Friday, October 9, 2009

From Brent Cunningham

DATE: Oct 9, 2009

Hi, Joe,

In what sense can you read a statement like "there is no climate crisis" (from the film's website, underlined) as being "agnostic about whether and to what degree humans are causing climate change"?

In what sense is "CO2 has little effect on planetary temperatures" (same source) not a pre-judging of the scientific data by people unqualified to make such judgments? In what sense is such a statement merely a "whiff" of skepticism and not an absolute yet unsubstantiated conclusion?
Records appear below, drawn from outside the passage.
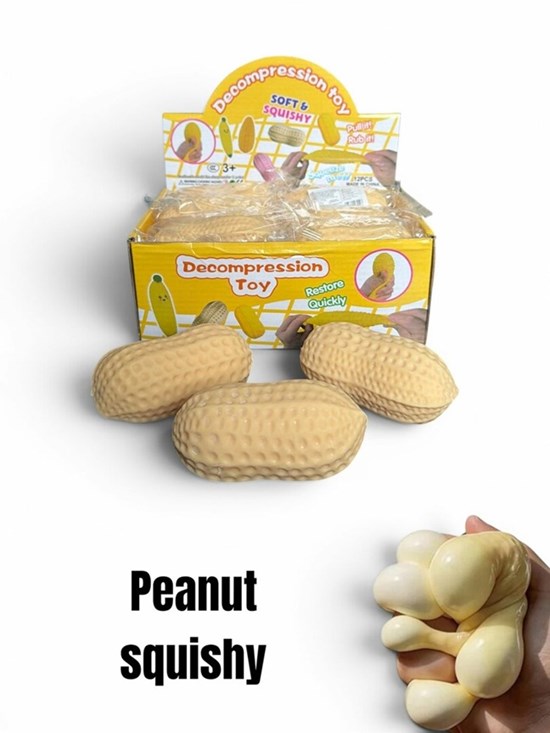 Squishy Peanut Pinda in de Dop 3+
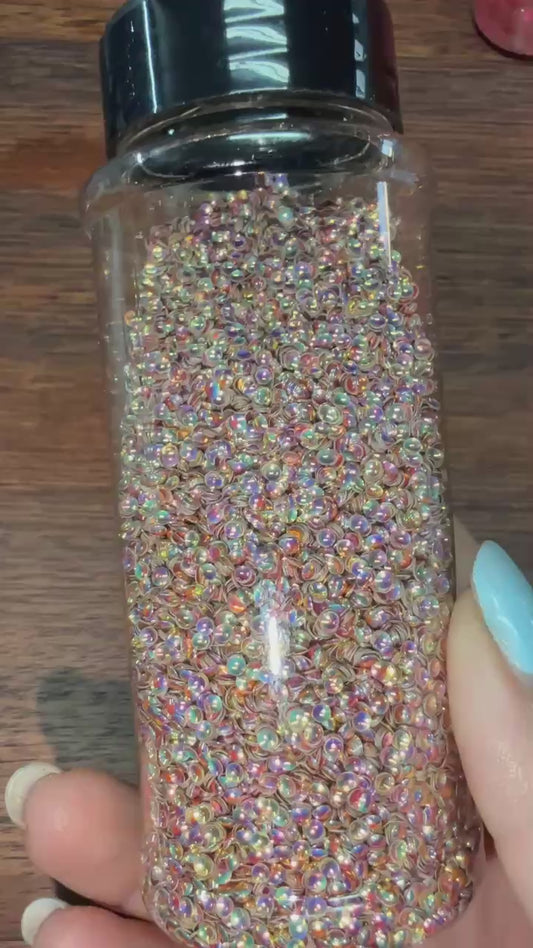 SMIRK & SPARKLE - Cats Eye Bubble Glitter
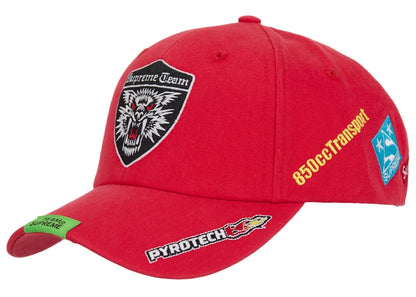 Supreme Racing Team 6-Panel Red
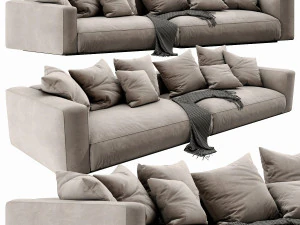 flexform grandemare 3D Model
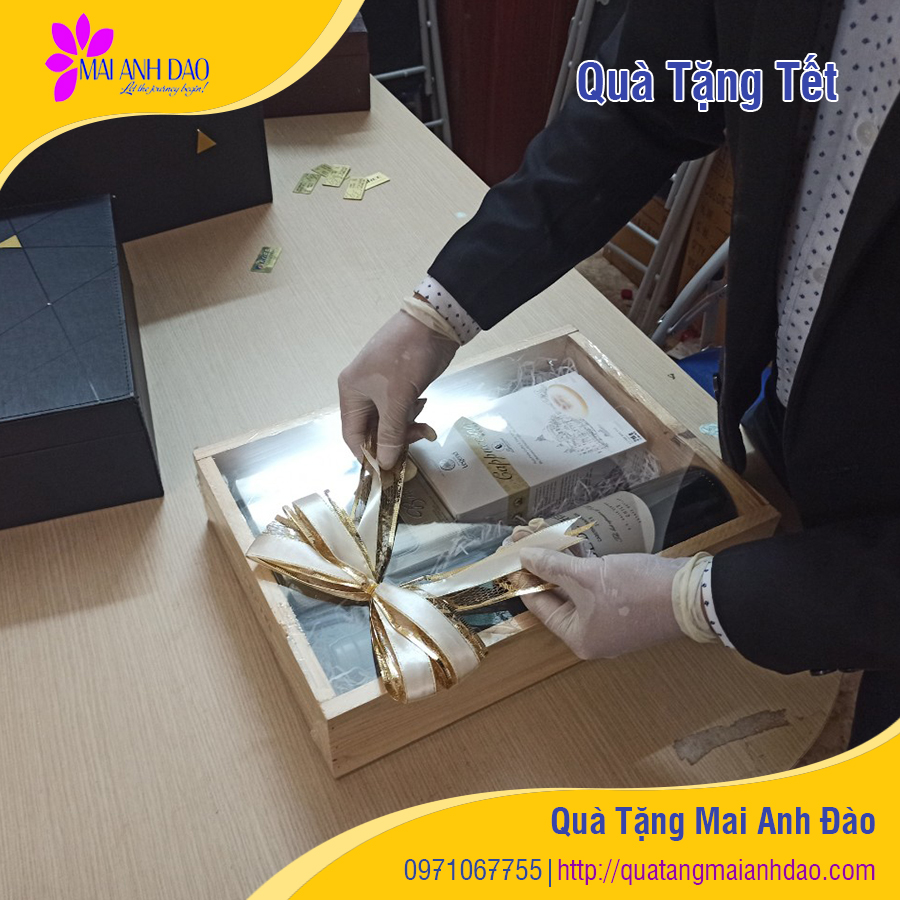 Quà tặng Mai Anh Đào - Set quà tặng giá rẻ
In what sense is "ice is the enemy of life" (the very first statement the filmmakers put in the trailer that they approve of!) grounded in a sane discourse about climate change, and not itself a hysterical piece of pseudo-logic?
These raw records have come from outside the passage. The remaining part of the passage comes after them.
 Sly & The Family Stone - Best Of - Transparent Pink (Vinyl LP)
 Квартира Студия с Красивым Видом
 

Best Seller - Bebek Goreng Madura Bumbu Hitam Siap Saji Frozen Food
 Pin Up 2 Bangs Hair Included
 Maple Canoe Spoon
I'm sorry, Joe, I don't accept this really is somehow about religious zealotry on my part. I don't feel at all hysterical, and I'd like to know where my rhetoric crossed that line for you. It wasn't easy to say what I said, and I did a lot of research on the film and filmmakers beforehand, listened to some of their online debates/interviews, watched the trailer six or seven times, and read through most of their site. I'm sorry I failed to locate the names of the contributors despite a lot of hours the site. Otherwise, I stand by what I said: unless the film is a totally different animal from their trailer and their website, your friends have made a film that is irresponsible and illegitimate--quite beyond their economic and social views which I happen to disagree with too.

Can we take one of the few quantitative moments from the trailer and just look at it?

Adam Rose says:

"you're talking about 7 million jobs in the united states" [i.e. jobs being lost because of some unspecified environmental regulations presumably connected to cap-and-trade & which haven't actually been proposed yet]

the film cuts to:

terrifying images of factories going into negative filmic space (evocative of nuclear blasts), windswept negatively-filmed streets (again evocative of devestated nuclear landscapes), and finally (in case you're an idiot and missed the point): some random flames evocative of some hell or other.

Patrick Moore is meanwhile saying:

"that [i.e. losing those 7 million jobs in the US] would bring civilation crashing down to its knees, and hundreds of billions of people would die"

(btw I listened to this many times over, since there aren't hundreds of BILLIONS of people on earth and never have been even if you count everyone who ever lived, but I'm quite sure he says billions not millions!)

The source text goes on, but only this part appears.